2. De firma vindt de administratieve sanctie onterecht. Voorafgaand aan het indienen van de GO was de firma bezig met de verkoop van deze percelen, maar op de uiterste datum van het indienen van de GO was nog niet duidelijk of de verkoop daadwerkelijk doorging. Dat is later duidelijk geworden, zodat de firma op 10 juni 2021 de onterecht ingevoerde percelen uit het perceelsregister heeft verwijderd. Zij verkeerde in de veronderstelling dat daarmee ook de percelen uit de opgave van de GO waren verwijderd. Nu achteraf is gebleken dat de percelen niet uit de GO zijn verwijderd, stelt de firma dat sprake is van een kennelijke fout als bedoeld in artikel 4 van de Uitvoeringsverordening (EU) nr. 809/2014 van de Commissie van
17 juli 2014 (Verordening 809/2014). De minister had bij een controle in de administratie vrij snel kunnen zien dat de te veel opgegeven percelen waren gecorrigeerd in het perceelsregister. Ook mocht de firma ervan uitgaan dat de wijziging op juiste wijze was geregistreerd. Van de kant van de firma was er geen sprake van opzet. Volgens de firma had de minister coulance moeten betrachten en had hij moeten afzien van het opleggen van de administratieve sanctie.
3. Het College is van oordeel dat de minister de administratieve sanctie terecht heeft opgelegd; de firma krijgt dus geen gelijk. Vaststaat dat de firma de percelen ten onrechte heeft opgegeven omdat deze percelen ook door de koper van de percelen zijn opgegeven.
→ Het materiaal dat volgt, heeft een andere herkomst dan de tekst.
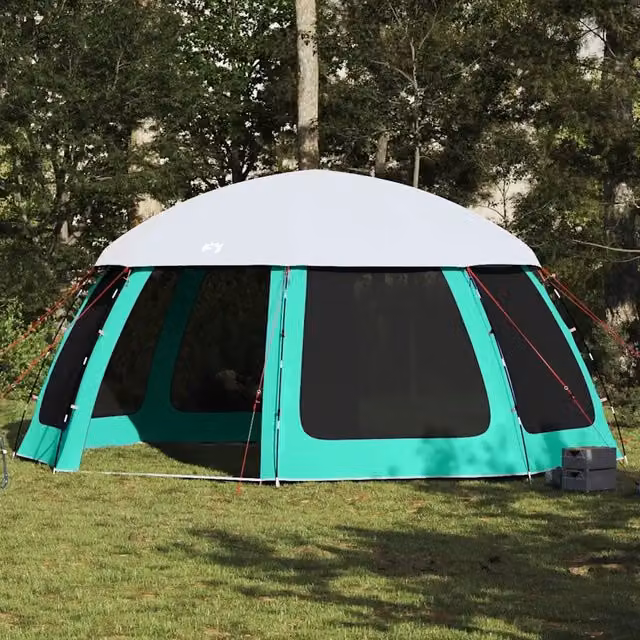 Tenda da piscina con Patta Rimovibile&Pareti in Rete-Tenda per Piscina 510x510 cm 599352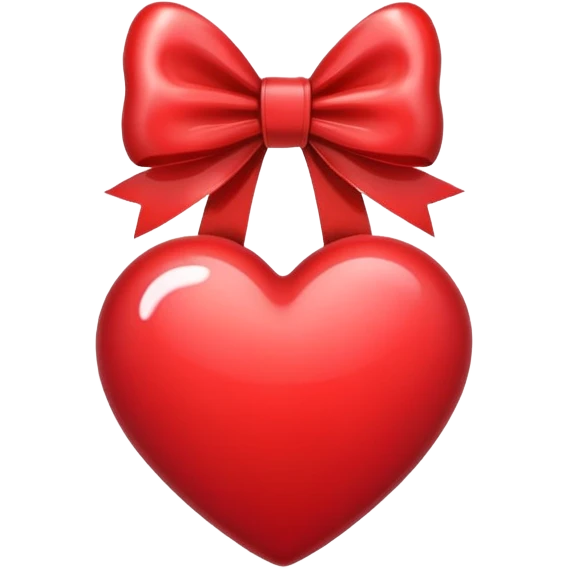 heart with bow emoji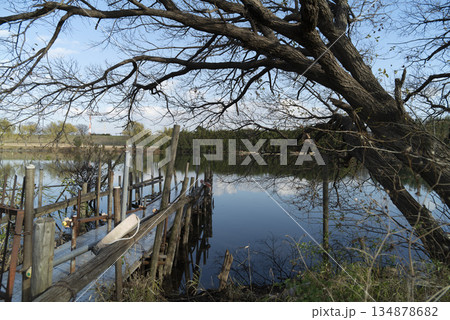 冬の矢切の渡しの風景 東京都葛飾区柴又 冬の矢切の渡しの風景 東京都葛飾区柴又 134878682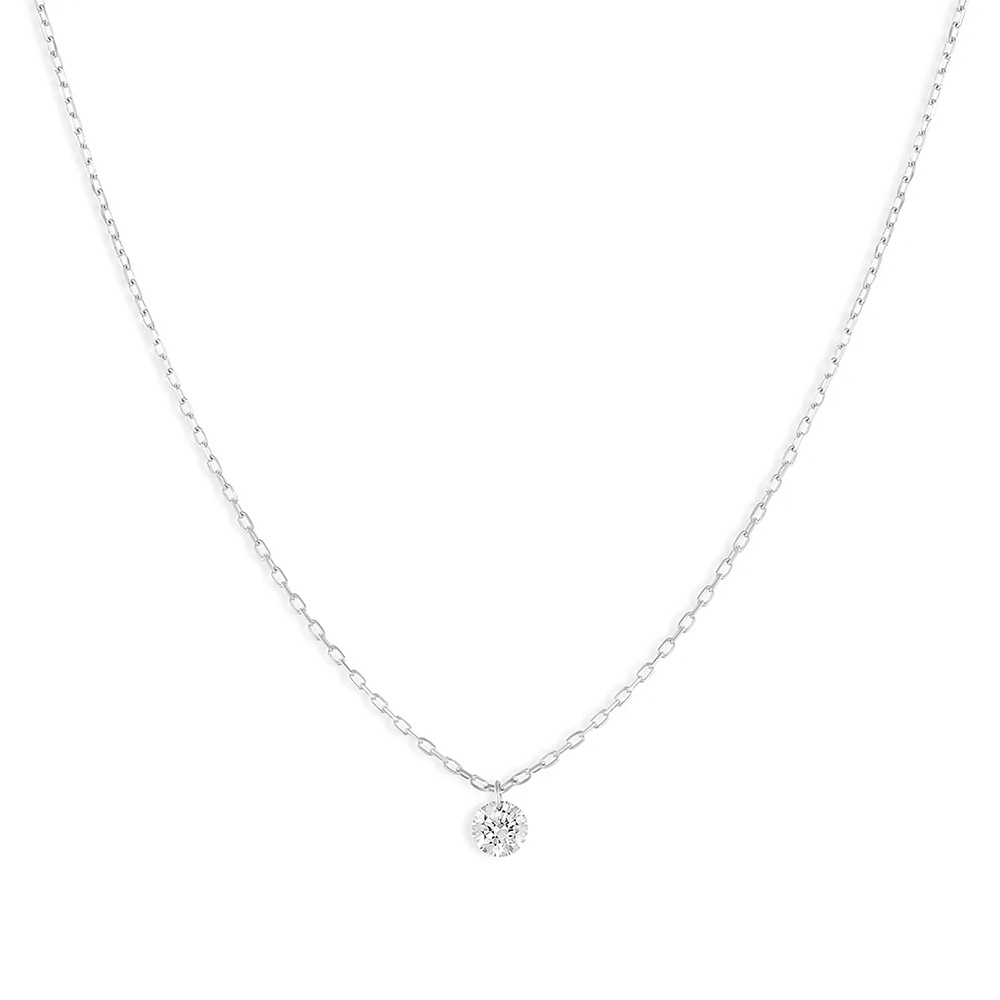 Fashion Geometric Sterling Silver Inlay Zircon Pendant Necklace 1 Piece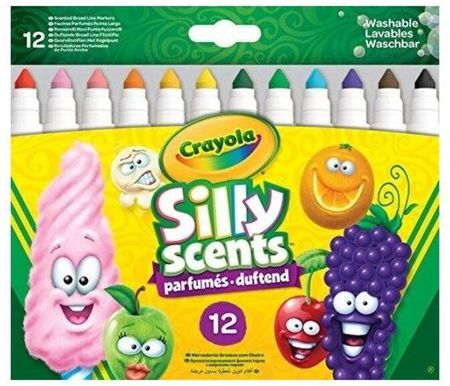 Crayola Markery Silly Scents - Słodkie Zapachy 12 Kolorów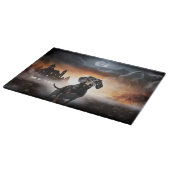 ダシュントハロウィーン怖い カッティングボード (角)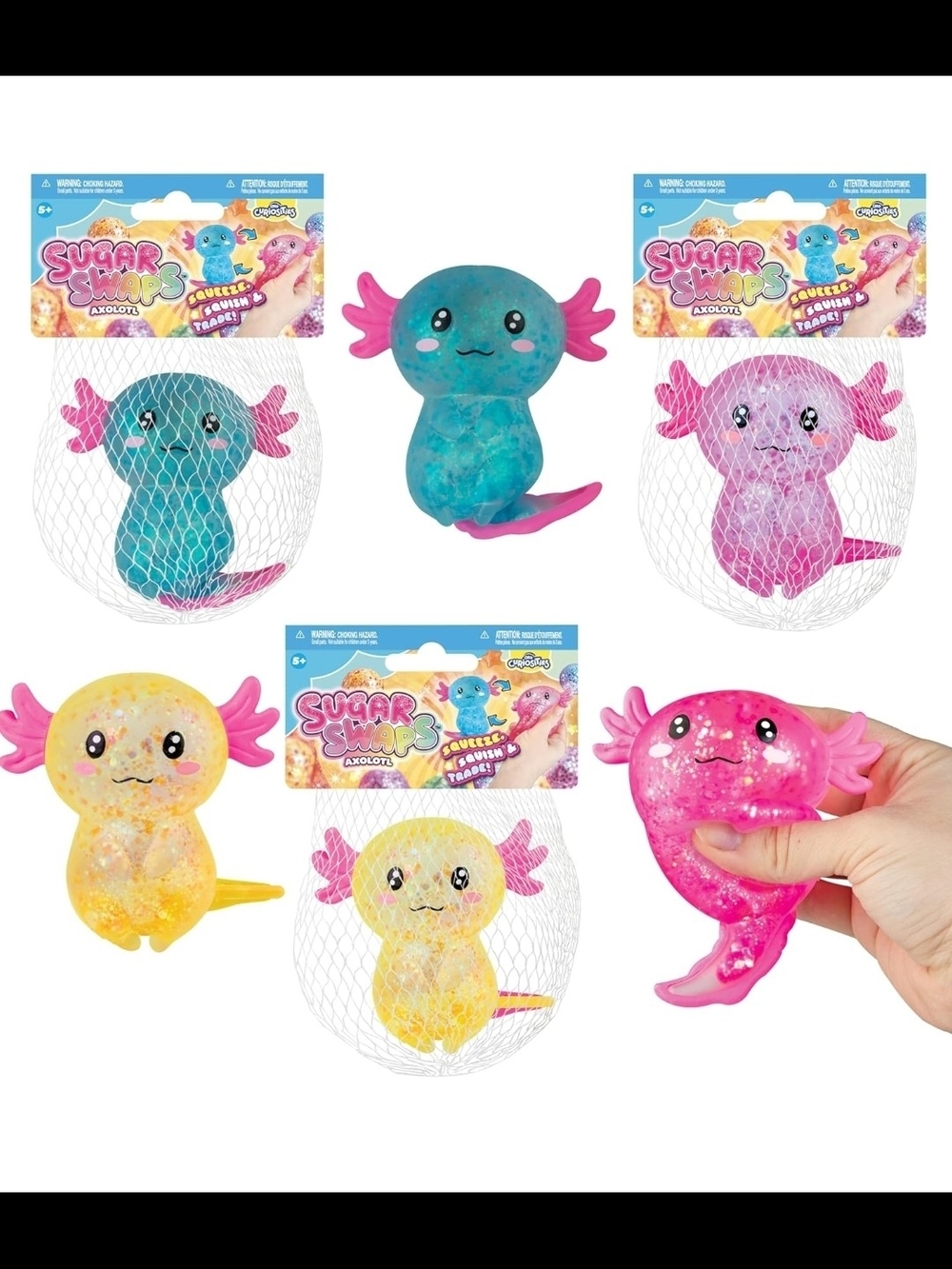 3pc Sugar Swaps Axolotl Squishy Set Of 3pcs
Hierdoor is het verschil tussen de door de firma aangevraagde oppervlakte en de goedgekeurde oppervlakte meer dan 2 hectare en moet de minister op grond van artikel 19bis van de Gedelegeerde Verordening (EU) nr. 640/2014 van de Commissie van 11 maart 2014 (Verordening 640/2014) een administratieve sanctie opleggen. De firma heeft een eigen verantwoordelijkheid om de GO juist in te vullen. Van een kennelijke fout op grond waarvan de GO na de indiening ervan nog kan worden gecorrigeerd en aangepast als bedoeld in artikel 4 van Verordening 809/2014 is geen sprake. De firma heeft de percelen bewust opgegeven bij de GO en het was haar bedoeling deze percelen daaruit te verwijderen toen duidelijk werd dat de percelen waren verkocht. Dat de firma in de – onjuiste – veronderstelling verkeerde dat met het verwijderen van de percelen uit het perceelsregister ook de percelen uit de GO waren verwijderd, komt voor haar rekening en risico. De minister heeft de firma op zowel
12 mei 2021 als 23 juni 2021 per email erop gewezen dat de percelen ook door iemand anders zijn opgegeven en dat, als zij de GO al had ingediend, zij die opnieuw moet versturen. Dat heeft zij niet gedaan. Artikel 19bis, eerste lid, van Verordening 640/2014 schrijft dwingend voor dat de minister een administratieve sanctie moet opleggen. Deze bepaling laat de minister dan ook geen ruimte om de door de firma bepleitte coulance toe te passen.
4. Het beroep is ongegrond. De minister hoeft geen proceskosten te vergoeden.

Beslissing

Het College verklaart het beroep ongegrond.
Deze uitspraak is gedaan door mr. A. Venekamp, in aanwezigheid van mr. P.M. Beishuizen. De beslissing is in het openbaar uitgesproken op 11 juli 2023.